* EXERCISE INPUT
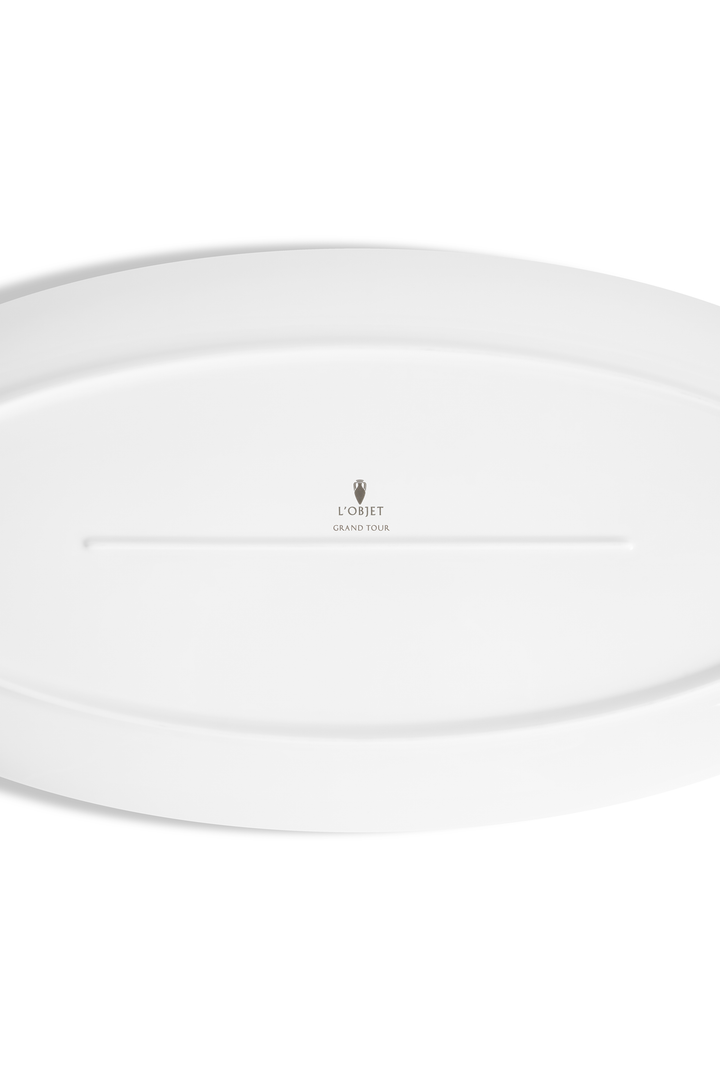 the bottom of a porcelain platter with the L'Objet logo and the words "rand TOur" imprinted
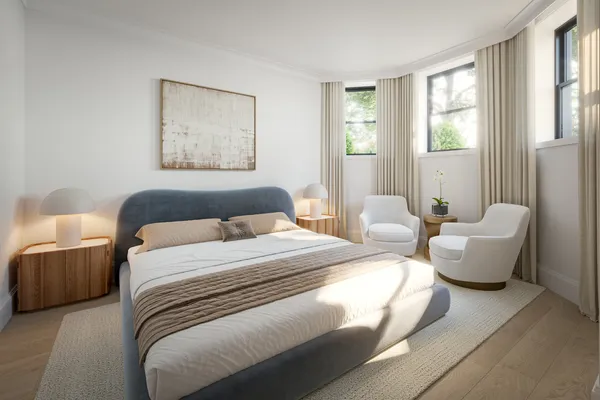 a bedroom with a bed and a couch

* * *

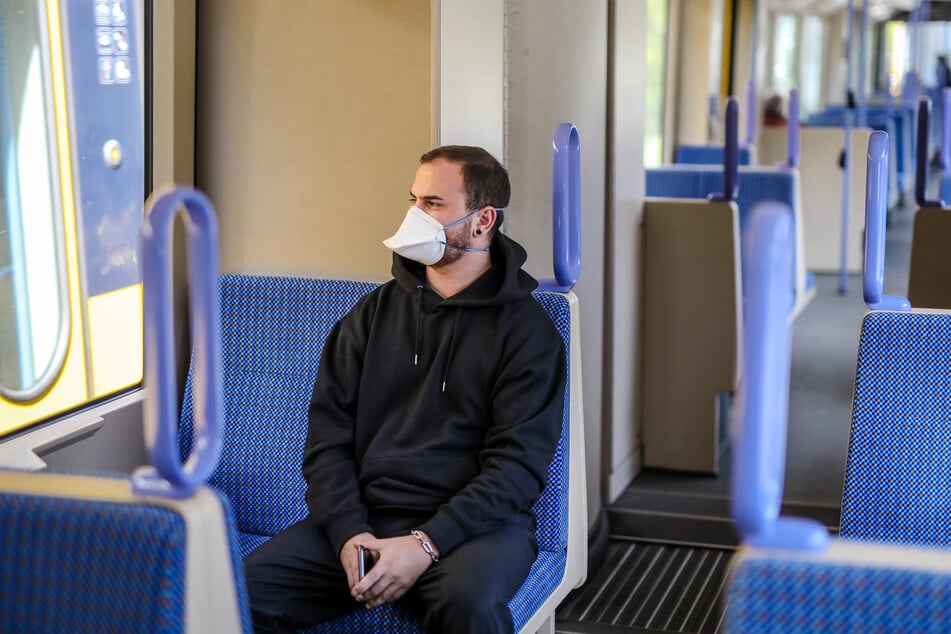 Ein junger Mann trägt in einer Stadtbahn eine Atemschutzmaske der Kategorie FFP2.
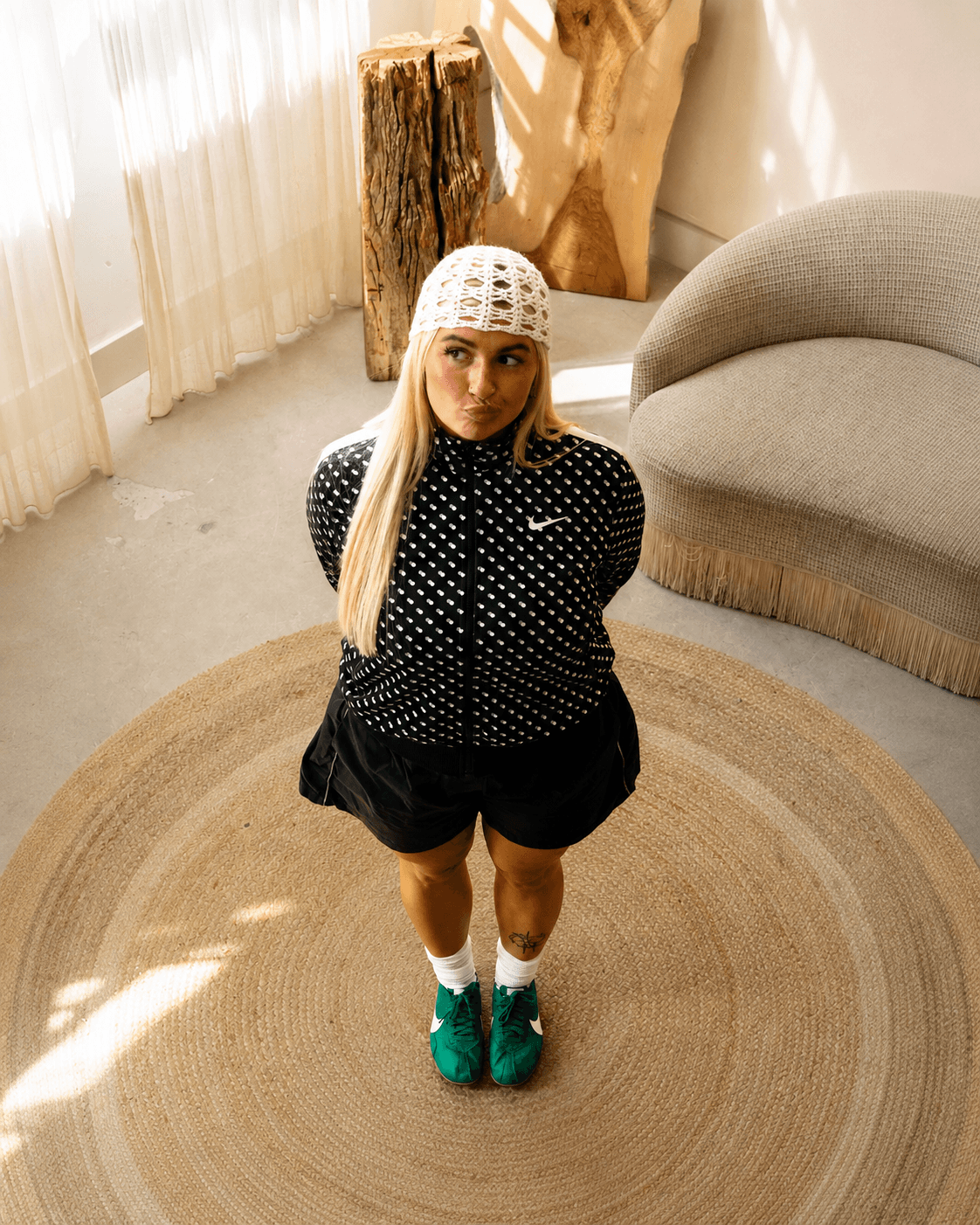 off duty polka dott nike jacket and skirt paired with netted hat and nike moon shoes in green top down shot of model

* TASK GOAL
Looking above, find the stretch of lines that opens with the one holding "the bottom of" and closes with the one holding "a bedroom with a bed and a couch". Copy it exactly, pictures excluded.

* RESPONSE BOX
 the bottom of a porcelain platter with the L'Objet logo and the words "rand TOur" imprinted
 a bedroom with a bed and a couch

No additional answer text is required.